The widely accepted definition of a six sigma process is one that produces 3.4 defective parts per million opportunities (DPMO). A process that is normally distributed will have 3.4 parts per million beyond a point that is 4.5 standard deviations above or below the mean (one-sided Capability Study). This implies that 3.4 DPMO corresponds to 4.5 sigmas, not six as the process name would imply. This can be confirmed by running on QuikSigma or Minitab a Capability Study on data with a mean of 0, a standard deviation of 1, and an upper specification limit of 4.5.
In a Capability Study, sigma refers to the number of standard deviations between the process mean and the nearest specification limit, rather than the standard deviation of the process, which is also measured in ‘sigmas’. As process standard deviation goes up, or the mean of the process moves away from the center of the tolerance, the Process Capability sigma number goes down, because fewer standard deviations will then fit between the mean and the nearest specification limit (Cpk Index). The notion that, in the long term, processes usually do not perform as well as they do in the short term is correct. That requires that Process Capability sigma based on long term data is less than or equal to an estimate based on short term sigma. However, the original use of the 1.5 sigma shift is as shown above, and implicitly assumes the opposite.

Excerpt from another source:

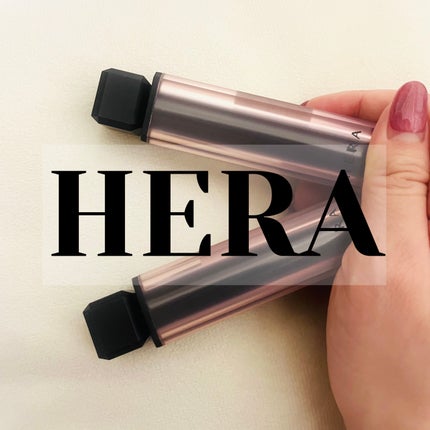 センシュアルパウダーマットリップスティック/HERA/口紅を使ったクチコミ(1枚目)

As sample size increases, the error in the estimate of standard deviation converges much more slowly than the estimate of the mean. Even with a few dozen samples, the estimate of standard deviation often drags an alarming amount of uncertainty into the Capability Study calculations. It follows that estimates of defect rates can be very greatly influenced by uncertainty in the estimate of standard deviation, and that the defective parts per million estimates produced by Capability Studies often ought not to be taken too literally.

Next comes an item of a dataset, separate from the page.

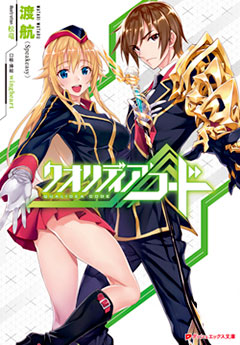 GOODS - クオリディア・コード｜QUALIDEA CODE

Estimates for the number of defective parts per million produced also depends on knowing something about the shape of the distribution from which the samples are drawn. Unfortunately, there are no means for proving that data belong to any particular distribution. One can only assume normality, based on finding no evidence to the contrary. Estimating defective parts per million down into the 100s or 10s of units based on such an assumption is wishful thinking, since actual defects are often deviations from normality, which have been assumed not to exist.